Artikel 5 Ontwerp en uitvoering van de installaties 5.1
Algemeen
5.1.1 De aanvrager dient zich ervan te vergewissen dat steeds de laatste uitgave van de technishe aansluitvoorwaarden met bijbehorende tekeningen in zijn bezit is. 5.2
Ontwerpgegevens en uitvoering klantinstallatie Specifieke eisen aan ontwerpgegevens en uitvoering van klantinstallaties: zie supplementen.
Artikel 6 Controle van de installatie 6.1
Algemene bepalingen
6.1.1 Het bedrijf is te allen tijde bevoegd te controleren of de verwarmingsinstallatie of een gedeelte daarvan voldoet aan het bepaalde in of krachtens deze technische aansluitvoorwaarden. 6.1.2 Indien een erkende installateur bezwaren heeft tegen de op grond van een controle verlangde wijzigingen of tegen in rekening gebrachte kosten van een (her)controle, dan kan hij deze bezwaren binnen tien werkdagen, nadat hij van de verlangde wijzigingen in kennis is gesteld of hem de kosten in rekening zijn gebracht, schriftelijk ter kennis van het bedrijf brengen.
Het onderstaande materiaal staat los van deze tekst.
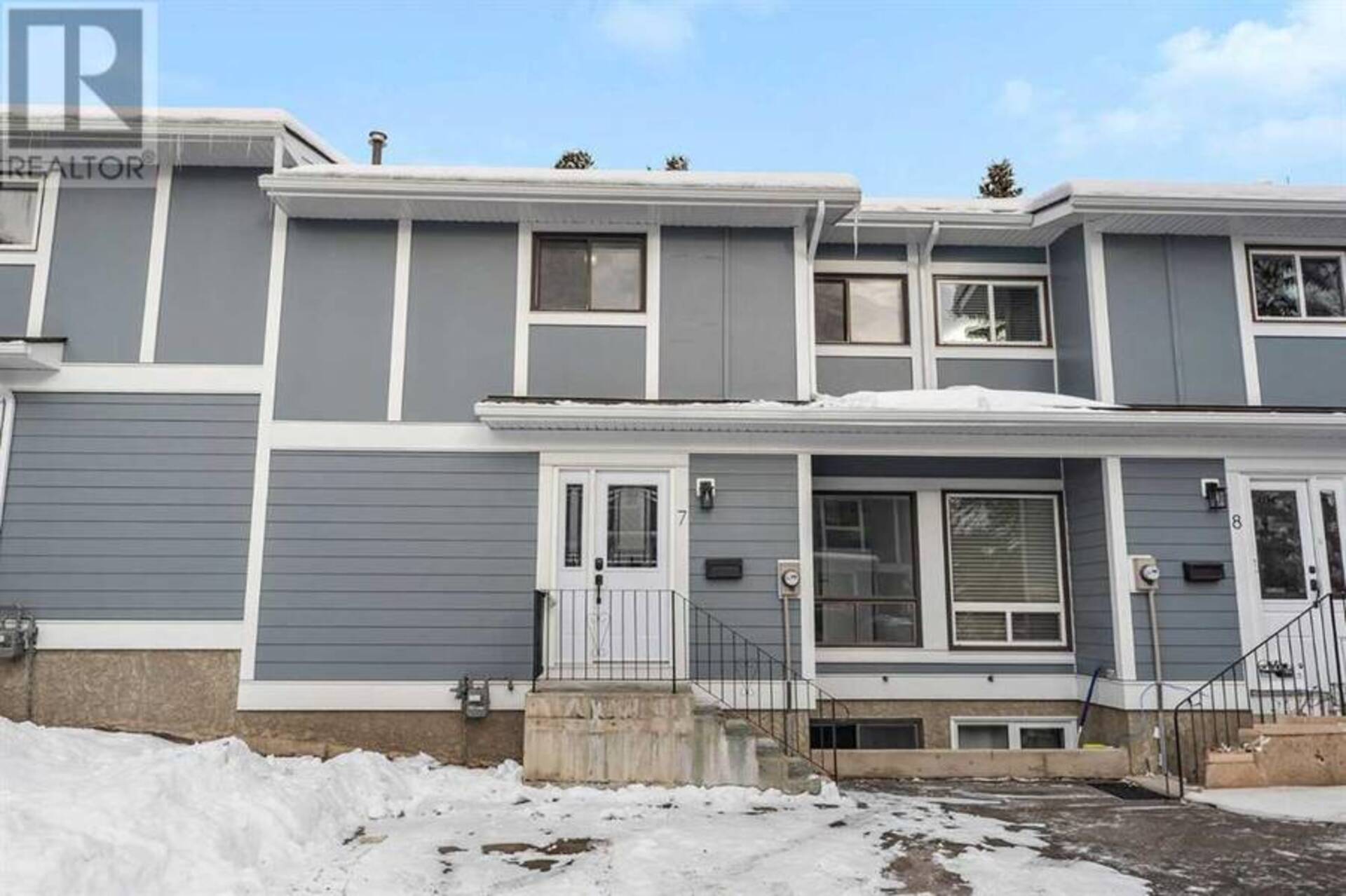 7, 2210 Oakmoor Drive SW Calgary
Het bedrijf zal binnen acht werkdagen na ontvangst van de bezwaren, de erkende installateur van zijn beslissing op de hoogte brengen. Indien de erkende installateur van deze mogelijkheid binnen de genoemde termijn geen gebruik maakt, wordt hij geacht geen bezwaren te hebben. 6.1.3 Indien bij controle blijkt, dat een installatie of gedeelte daarvan, waarvoor nog geen aansluiting op het net heeft plaats gevonden, niet voldoet aan het bepaalde in of krachtens deze technische aansluitvoorwaarden, moet de erkende installateur van het gereedkomen van de vereiste wijzigingen op de wijze als omschreven in artikel 4.3.1 aan het bedrijf kennis geven. 6.1.4 Indien de uitslag van een controle gunstig is, wordt hiervan aan de erkende installateur mededeling gedaan.
10
Technische Aansluitvoorwaarden Grootverbruikers
6.1.5 Indien de uitslag van een controle ongunstig is, dan geschiedt daarvan mededeling aan de erkende installateur en, indien het bedrijf dit nodig acht aan de eigenaar of de bewoner. 6.1.6 Indien de uitslag van een controle of hercontrole ongunstig is, worden de kosten hiervan bij de installateur in rekening gebracht. 6.1.7 Indien de installatie werkzaamheden niet door een erkende installateur zijn verricht, behoudt het bedrijf zich het recht voor om, onverminderd het bepaalde in lid 1, nieuwe installaties te controleren en is het in de leden 2 tot en met 6 van dit artikel bepaalde van toepassing op de aanvrager respectievelijk de verbruiker. 6.2
Uitvoering van de controle
6.2.1 De installateur is - indien het bedrijf dit verlangt - verplicht bij een controle respectievelijk hercontrole aanwezig te zijn. De oproep daartoe zal tenminste drie volle werkdagen voor het tijdstip, waarop de controle respectievelijk hercontrole zal plaatsvinden, ter kennis van de installateur worden gebracht. 6.2.2 De installateur moet kosteloos aan het bedrijf de door dit bedrijf verlangde hulp verlenen, opdat een goede controle of hercontrole van de installatie of een gedeelte daarvan mogelijk is. Deze hulp kan bestaan uit het ter beschikking stellen van personen of goederen, zoals gereedschappen en instrumenten, nodig voor beproeven van een installatie. 6.2.3 Indien een controle of hercontrole niet of onvoldoende kan worden uitgevoerd, omdat de installateur niet heeft voldaan aan zijn verplichtingen ingevolge artikel 6, lid 2.1 en 2.2, is hij aan het bedrijf het voor een hercontrole geldende bedrag verschuldigd. 6.2.4 Indien de hier bedoelde werkzaamheden niet door een erkende installateur zijn verricht, is het in de leden 1 tot en met 3 van dit artikel bepaalde van toepassing op de aanvrager respectievelijk de verbruiker.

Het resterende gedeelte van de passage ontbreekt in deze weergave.